The optimization method of the model plays a very important role in the neural network. Optimization is not only a system development based on traditional gradients. Among them, the most widely used naturally inspired planning algorithms such as global Darwin and local Lamarck are used, but this type of algorithm faces many problems, such as randomness, orthogonality and convergence. Of course, from the perspective of the data foundation itself, the system is also facing problems such as the expansion of data matching, the adaptive processing of the field, and the normalization. In addition, we now have a lot of strong platform infrastructure technologies such as Pytorch, Tensorflow, Keras, and Caffe.

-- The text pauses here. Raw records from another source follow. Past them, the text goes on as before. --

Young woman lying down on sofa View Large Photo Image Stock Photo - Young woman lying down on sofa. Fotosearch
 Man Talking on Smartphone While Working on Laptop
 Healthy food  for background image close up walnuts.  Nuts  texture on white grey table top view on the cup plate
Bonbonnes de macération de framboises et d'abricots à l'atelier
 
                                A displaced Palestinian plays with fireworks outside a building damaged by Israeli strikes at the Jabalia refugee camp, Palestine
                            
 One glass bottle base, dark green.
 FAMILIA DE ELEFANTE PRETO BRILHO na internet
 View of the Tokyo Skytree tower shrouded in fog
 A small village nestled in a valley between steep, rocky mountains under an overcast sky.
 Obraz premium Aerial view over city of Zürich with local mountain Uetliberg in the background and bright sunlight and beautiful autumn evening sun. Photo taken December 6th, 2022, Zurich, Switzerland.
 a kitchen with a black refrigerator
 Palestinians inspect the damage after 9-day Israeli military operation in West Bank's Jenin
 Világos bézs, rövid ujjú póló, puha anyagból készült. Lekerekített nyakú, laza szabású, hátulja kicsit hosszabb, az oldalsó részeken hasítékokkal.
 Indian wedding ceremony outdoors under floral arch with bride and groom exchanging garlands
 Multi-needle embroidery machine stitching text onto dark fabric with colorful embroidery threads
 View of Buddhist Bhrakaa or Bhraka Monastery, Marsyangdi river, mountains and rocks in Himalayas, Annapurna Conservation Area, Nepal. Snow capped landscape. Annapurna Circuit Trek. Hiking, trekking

However, deep learning also faces many difficulties, including inherent defects in its own theory or technology (nonlinearity, small sample size, noise, etc.), and the open environment for real-world artificial intelligence problems. These bottlenecks need to be addressed theoretically. First of all, we need to study the elaboration method of the problem to solve the problem of unclear relationship between features and decisions and the priority of interpretation; in addition, we also need to solve cognitive defects, that is, concept abstraction, automatic learning, progressive learning, intuition and forgetting; of course, in the bottleneck problem of learning, mathematical problems such as convergence consistency, stability, and gradient stationary properties also need to be overcome.

Currently, researchers do not have systematic theories and solutions to interpretability.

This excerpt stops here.